Aim of the task: Copy the listing below exactly, but skip the pictures.

Data segment:
------------------------
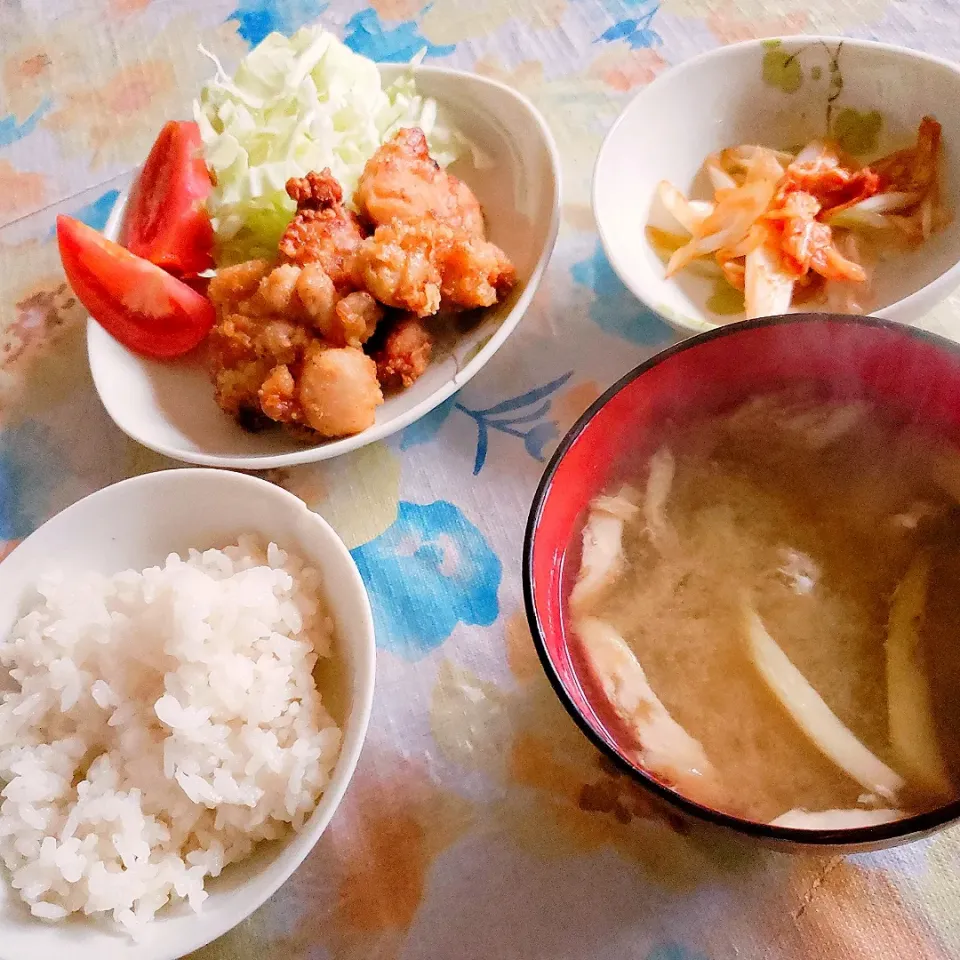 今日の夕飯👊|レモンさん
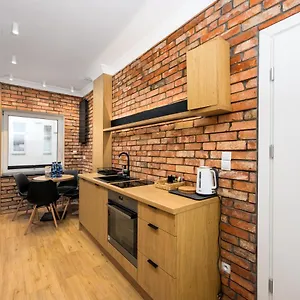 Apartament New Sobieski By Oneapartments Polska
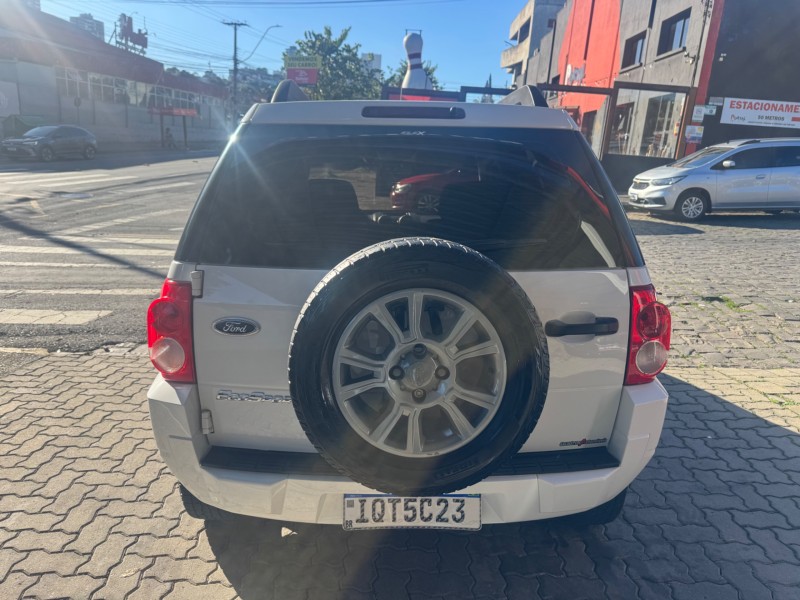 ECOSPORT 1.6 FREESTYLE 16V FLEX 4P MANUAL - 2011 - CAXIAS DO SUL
------------------------
Answer to the exercise:
 今日の夕飯👊|レモンさん
 Apartament New Sobieski By Oneapartments Polska
 ECOSPORT 1.6 FREESTYLE 16V FLEX 4P MANUAL - 2011 - CAXIAS DO SUL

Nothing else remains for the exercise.